In Diversity Push, Top Universities Enrolling More Black Immigrants

In Diversity Push, Top Universities Enrolling More Black Immigrants

Critics Say Effort Favors Elite Foreigners, Leaves Out Americans

Washington Post Staff Writer
Tuesday, March 6, 2007; Page A02

The nation's most elite colleges and universities are bolstering their black student populations by enrolling large numbers of immigrants from Africa, the West Indies and Latin America, according to a study published recently in the American Journal of Education.

Immigrants, who make up 13 percent of the nation's college-age black population, account for more than a quarter of black students at Ivy League and other selective universities, according to the study, produced by Princeton University and the University of Pennsylvania.

The large representation of black immigrants developed as schools' focus shifted from restitution for decades of excluding black Americans from campuses to embracing wider diversity, the study's authors said. The more elite the school, the more black immigrants are enrolled.

"A lot of these institutions have been promoting the increase in their black populations, but clearly this increase reflects a growth in their black immigrant populations," said Camille Z. Charles, an associate professor of sociology at the University of Pennsylvania who co-authored the study.
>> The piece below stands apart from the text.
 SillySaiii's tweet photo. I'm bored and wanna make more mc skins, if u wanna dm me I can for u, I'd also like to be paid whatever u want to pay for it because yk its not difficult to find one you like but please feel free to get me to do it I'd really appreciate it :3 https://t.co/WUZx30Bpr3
Black American scholars such as Henry Louis Gates and Lani Guinier, two Harvard University professors, have said that white educators are skirting long-held missions to resolve historic wrongs against native black Americans by enrolling immigrants who look like them.

In an interview, Guinier said that the chasm has less to do with immigrants and more to do with admissions officers who rely on tests that wealthier students, including black immigrants, can afford to prepare for.

"In part, it has to do with coming from a country, especially those educated in Caribbean and African countries, where blacks were in the majority and did not experience the stigma that black children did in the United States," Guinier said. "The fathers of these students tend to be much better educated. This is not just true of immigrants from Africa and the Caribbean, this is true across the board. We have an admissions system that prefers wealth, that rewards wealth and calls it merit."

Officials at several top universities, including Harvard, the University of North Carolina and Princeton, did not respond to calls or e-mail messages seeking comment on the study.

The University of Pennsylvania's dean of admissions, Lee Stetson, said that although the university takes note of students' backgrounds, "we do not focus specifically on whether students are Caribbean American, African American or African. We do not involve ourselves with exact roots.

"They bring diversity to the campus," Stetson said. "We try to find students from all walks of life, including African American students who have their roots in the southeastern United States."

The study relied on data from the National Longitudinal Survey of Freshmen, which included 1,028 black students, 281 of whom were immigrants. Black immigrants were defined as students who emigrated directly from Africa or the Caribbean, including countries such as Guyana that are on the South American continent and nations in the black diaspora or their American-born sons and daughters.

Stanford, Duke, Columbia, Vanderbilt and Harvard universities had the highest percentages of black students in their fall 2006 freshman classes, according to the Journal of Blacks in Higher Education. The percentage of black freshmen at elite colleges and universities ranged from a high of 12.3 percent at the University of North Carolina at Chapel Hill to 1.4 percent at the California Institute of Technology.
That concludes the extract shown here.